Indeed, of Rubinstein’s later Chopin recordings, I can only recommend one without reservations: His 1961 recording of the famous Funeral March Sonata is head and shoulders above his 1946 version. There is a relaxed kind of virtuosity here, and a keener grasp of the totality of the piece than in 1946. The B minor Sonata (his only recording of the piece, made over a two year period) is not on the same exalted level. Rubinstein seems to have had a troubled relationship with the B minor sonata, and legend has it he threw a tape of a concert version of this piece into his fireplace.

There is a pattern to be discerned above in the Brahms and Chopin examples above, and it can also be confirmed by listening to Rubinstein’s recordings of other works like Franck’s Prelude, Chorale, and Fugue or any of his concerto recordings: His understanding of large scale works improved as he aged, while his recordings of shorter works tended to lose imagination with time.

(I do not endorse the notion, claimed by some, that Rubinstein’s last producer, Max Wilcox, was responsible for the character of Rubinstein’s later recordings. There are plenty of instances in the later years, such as the all-French album or the Chamber music recordings, where Rubinstein is clearly “on.” In any case, recordings were never issued during Rubinstein’s lifetime without his consent, and one can presume that they met his standards. The idea of Wilcox pressuring Rubinstein into playing in a certain way, or tricking the pianist into releasing something not to his standards, is at once laughable and defamatory.)

Despite the changes in his performances, positive and negative, that came with age and maturity, Rubinstein's interpretations were always very normal, in the sense that they didn’t call attention to themselves. In the last half of the 20th Century, there were growing numbers of pianists who offered straight interpretations of the standard repertoire (Ashkenazy was the king of normalcy, IMO). But when Rubinstein was starting out, this kind of straightforward, unfussy approach was somewhat new. The notion that Glenn Gould put forth, that one shouldn’t perform a work unless one consciously intended to perform it differently, was anathema to Rubinstein’s philosophy. As Daniel Barenboim said, Rubinstein put all of his musical ideas through a “strainer of naturalness” and if an idea didn’t pass through that strainer, Rubinstein rejected it. His early Chopin performances put off the old-schoolers, who expected a more personalized approach.

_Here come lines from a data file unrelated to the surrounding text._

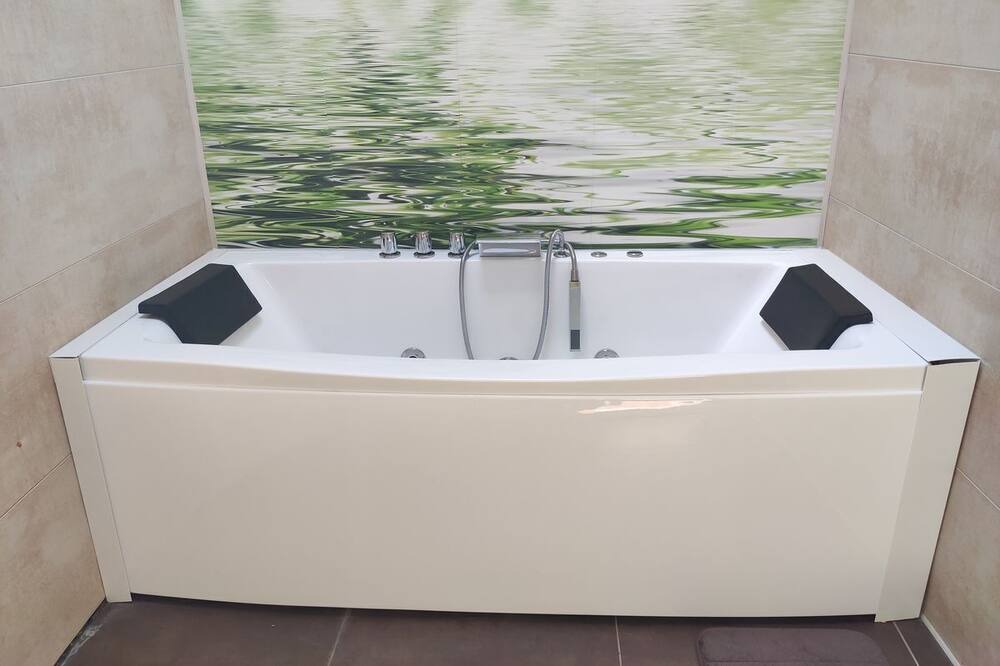 Photo of Bathroom in Peret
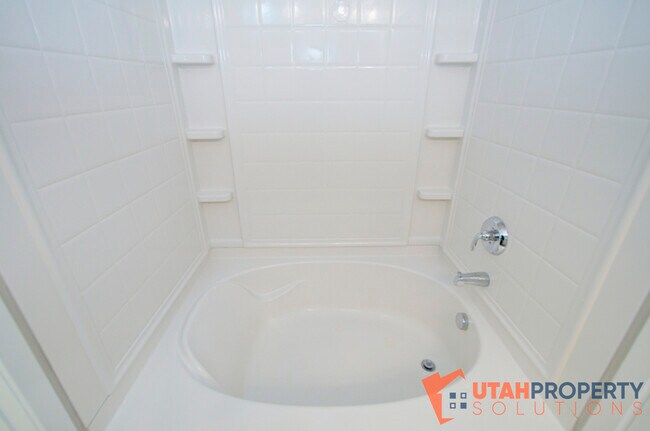 Building Photo - 5348 W South Jordan Pky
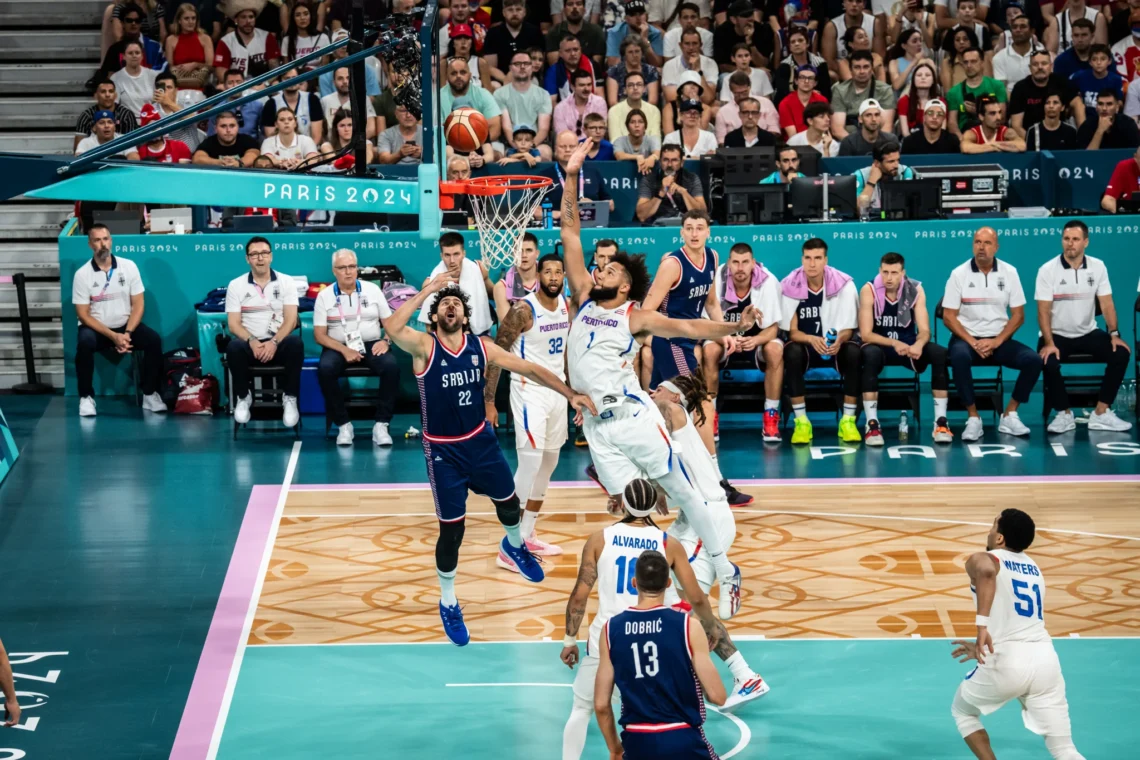 Puerto Rico versus Serbia en París 2024. (Foto: FIBA)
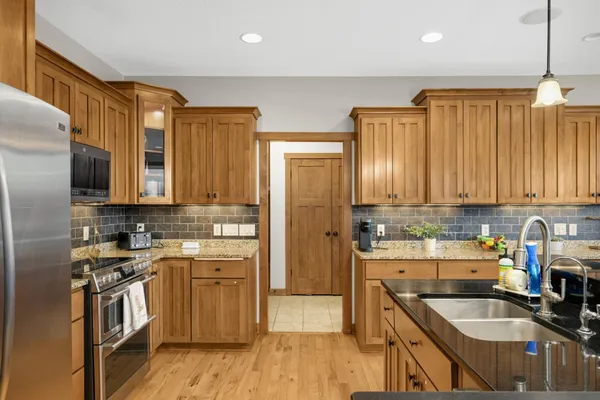 $894,900 | 10590 Watersedge Lane, Woodbury, MN 55129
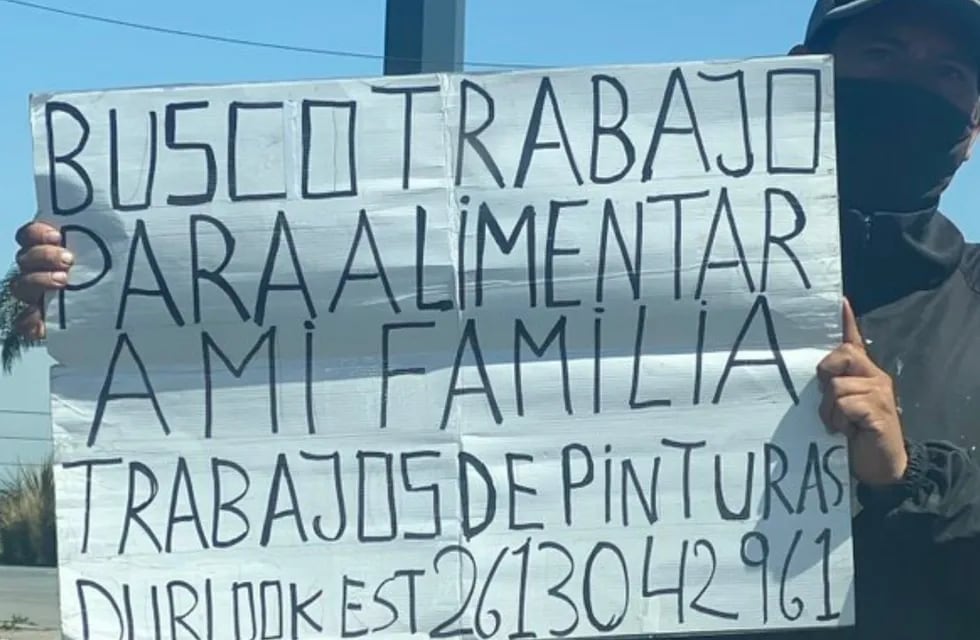 Sebastián hizo un cartel para pedir trabajo en uno de los lugares más concurridos de Godoy Cruz.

Rubinstein once said that his masculine approach to Chopin, performed without the “swan dive into the keyboard” angered many critics – “they said my Chopin was ‘cold’”. But there were pianists before Rubinstein who rejected swan diving, including Hofmann and Rachmaninoff.

Although Rubinstein’s never recorded the complete Beethoven Sonatas or Mozart Concertos, his repertoire was vast stylistically – encompassing Bach to Szymanowski. And he seemed to play so much of it remarkably well, in the same suave, warm, uncluttered way his public came to expect. It’s no surprise that the concert going public, who felt fear/awe at Horowitz and respected Arrau, considered Rubinstein to be their “beloved Artur.”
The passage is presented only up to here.